ITALIA – Questa è la storia di Claudio Carastro, un 24enne di Paternò che ha scelto di essere fuori sede “al contrario”, con un lavoro al Nord, che però non gli ha impedito di laurearsi nella sua terra: la Sicilia.
La vicenda
“Pendolarismo estremo“, così lo definisce Claudio Carastro, il percorso che lo ha recentemente portato al conseguimento di una laurea in Economia Aziendale, facendo spesso avanti e indietro tra Catania e Milano.
Potrebbe sembrare la classica storia dello studente fuori sede che dal Mezzogiorno si sposta nel Settentrione, ma invece quella di questo giovane originario di Paternò, si differenzia notevolmente dalle vicende di quasi tutti i suoi colleghi. Infatti lui al Nord lavora in uno studio di commercialisti, mentre al Sud ha deciso di iscriversi all’Università di Catania, per dimostrare che le Università del Meridione non hanno niente in meno e nulla da invidiare rispetto a quelle del resto d’Italia.

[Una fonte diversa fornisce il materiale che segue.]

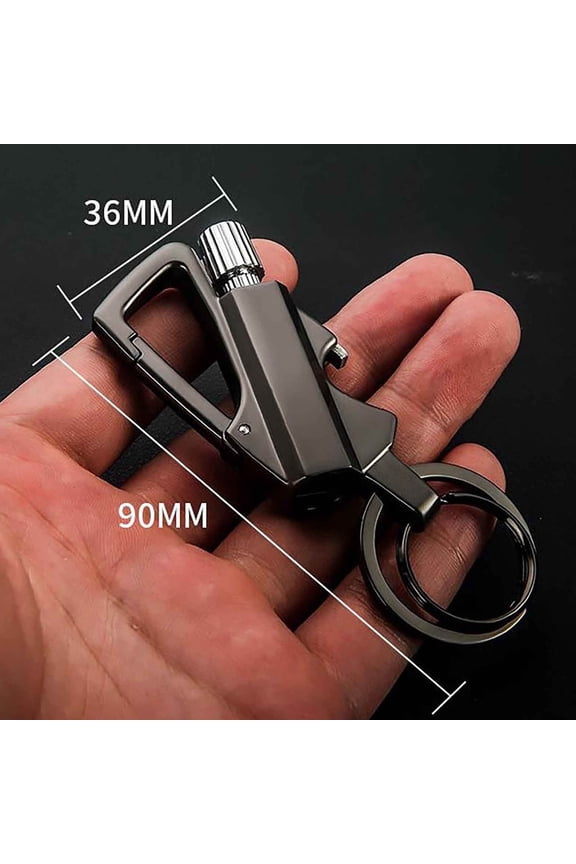 HOARBOEG Striker Refillable Windproof Outdoor Camping Survival Multitool Keychain with Bottle Opener, Black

La spiegazione di Claudio Carastro
Un percorso all’inverso durato quattro anni, che lo ha “costretto”, consapevolmente e ben lieto di farlo, a frequenti viaggi tra le due città. Un lasso di tempo tutto sommato anche contenuto, specialmente per uno studente-lavoratore che ha l’ufficio a 1.400 chilometri di distanza dalla facoltà. Ma come ci è riuscito e perché ha preso questa decisione? Lo spiega lui stesso sul portale di Skuola.net.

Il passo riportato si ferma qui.